Start of Data

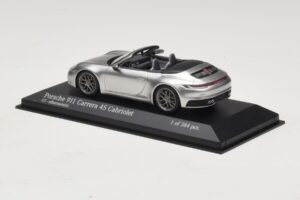 Porsche 911 992 Carrera 4S Cabriolet Argent Minichamps 1:43 410069330 Métal — image 3 sur 5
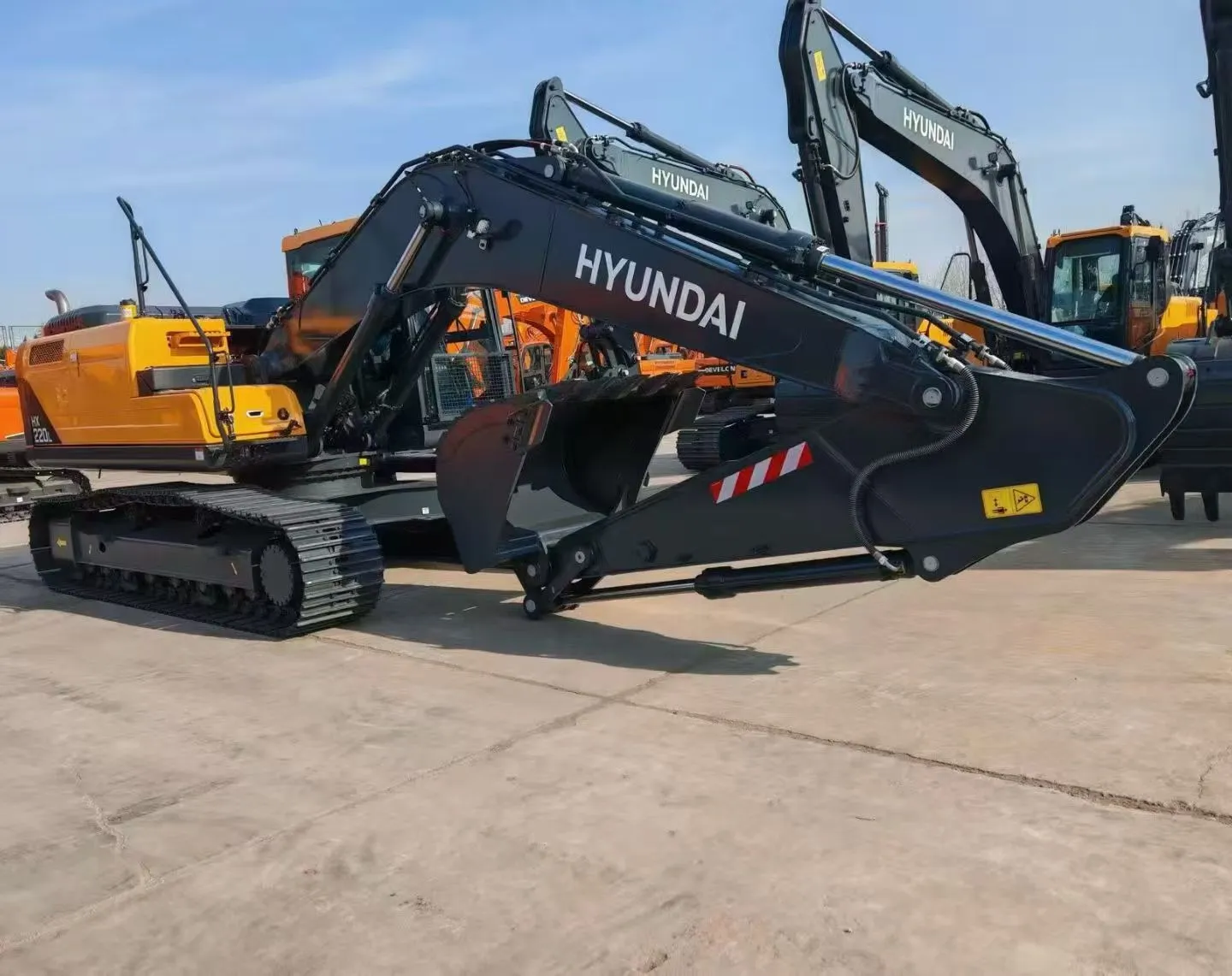HYUNDAI Brand New 220 Medium Excavator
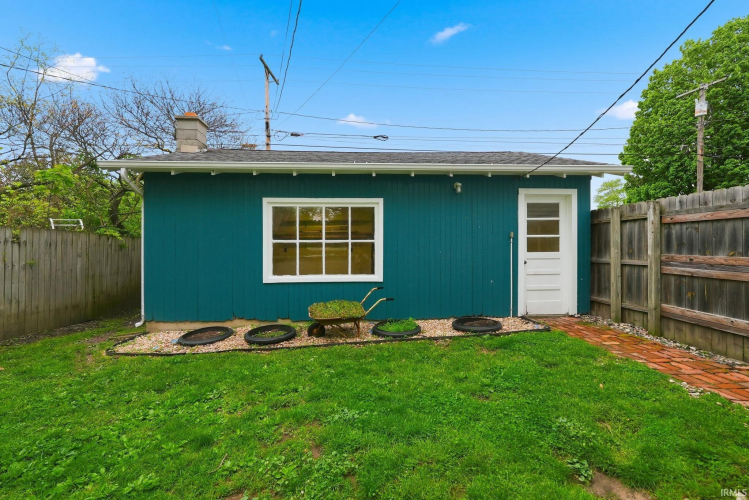Listing Image 35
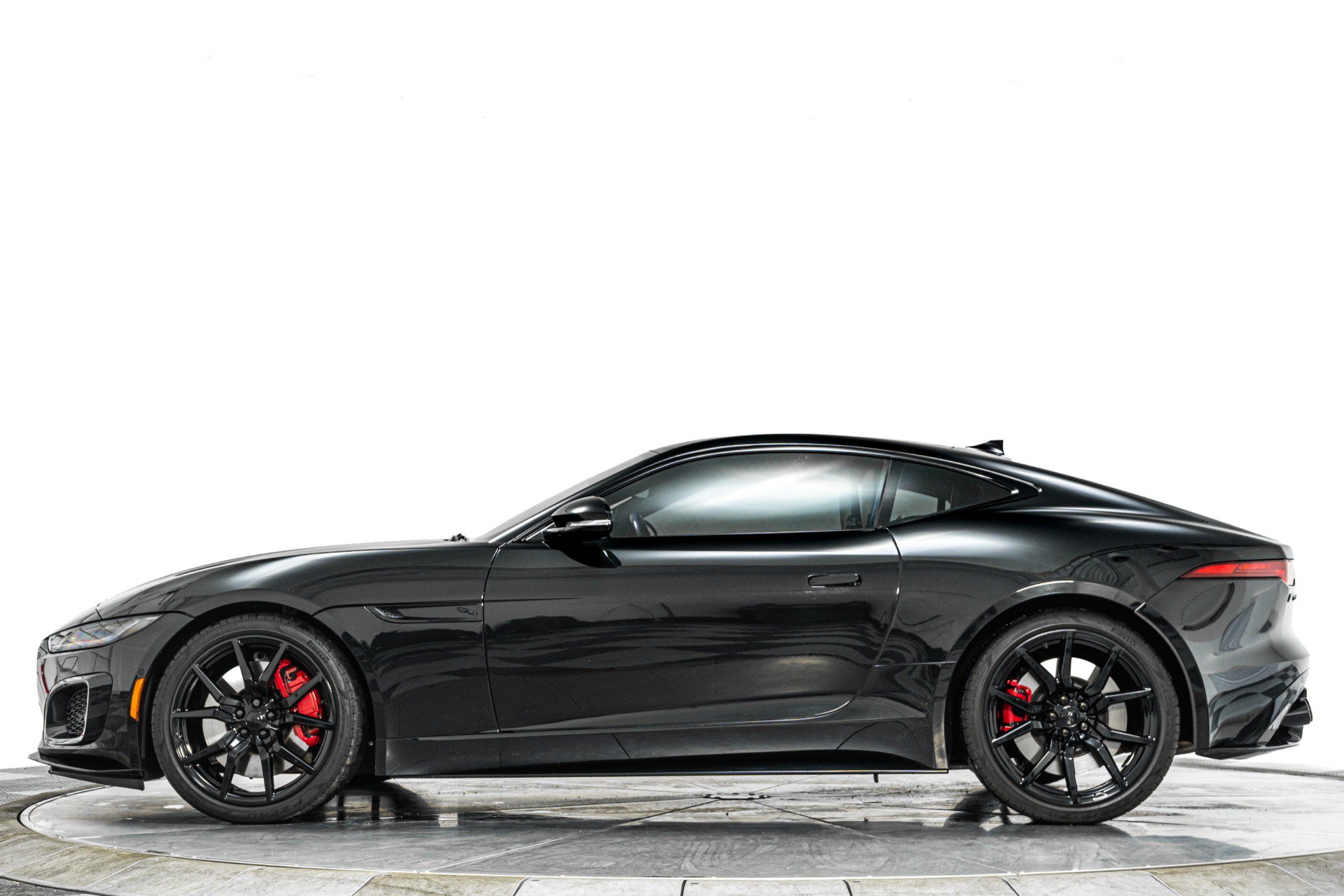 Used 2023 Jaguar F-TYPE R AWD/4WD image 6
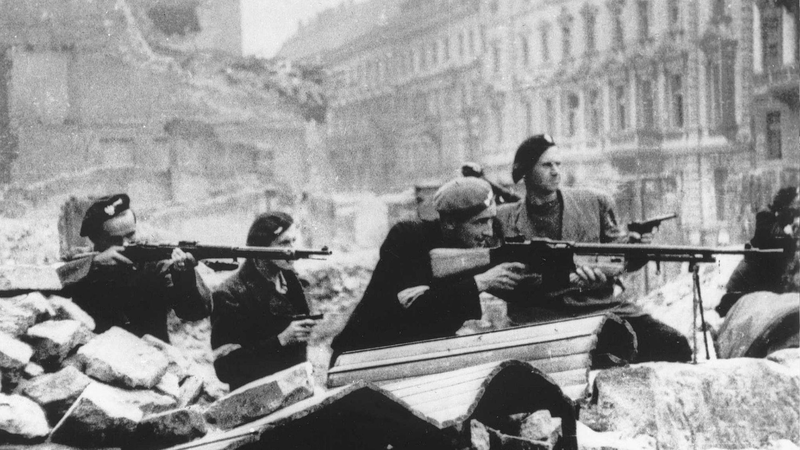 壊滅から80年、ワルシャワが語る都市再建と記憶【国際ニュース】 video poster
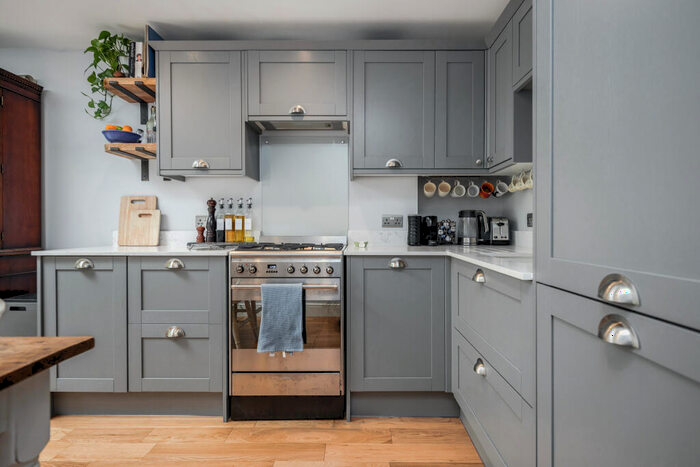 3 Bedroom Terraced House For Sale In Cliffe Road, South Croydon, CR2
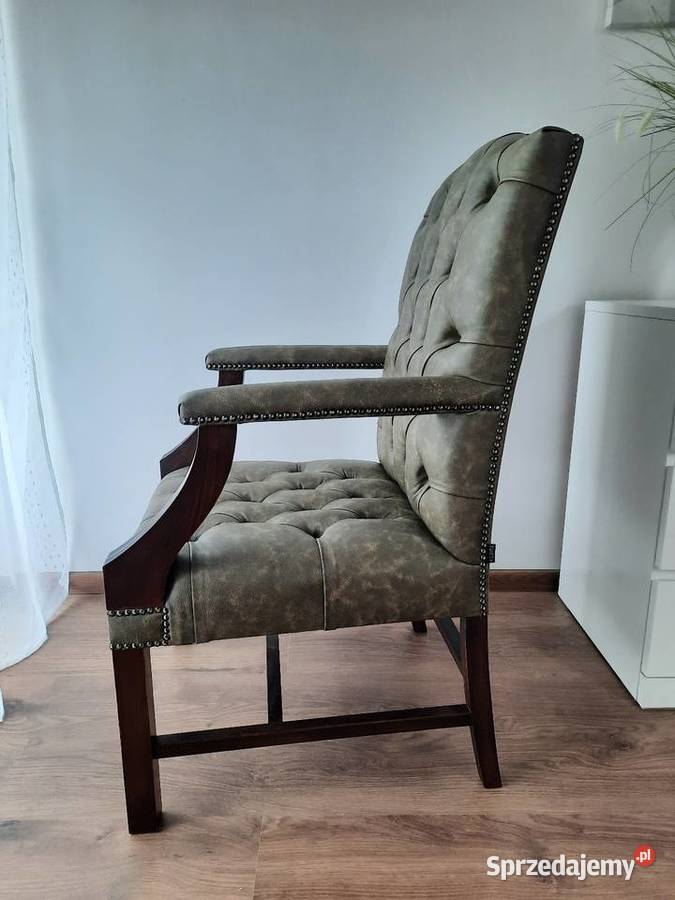 Fotel stacjonarny Chesterfield Włoska postarzana Poznań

End of Data

> _Work instructions_:
Produce an exact copy of the lines from the line containing "壊滅から80年、ワルシャワが語る都市再建と記憶【国際ニュース】 video poster" to the end of the material, both ends included, and omit every picture.

> _Answer for this exercise_:
 壊滅から80年、ワルシャワが語る都市再建と記憶【国際ニュース】 video poster
 3 Bedroom Terraced House For Sale In Cliffe Road, South Croydon, CR2
 Fotel stacjonarny Chesterfield Włoska postarzana Poznań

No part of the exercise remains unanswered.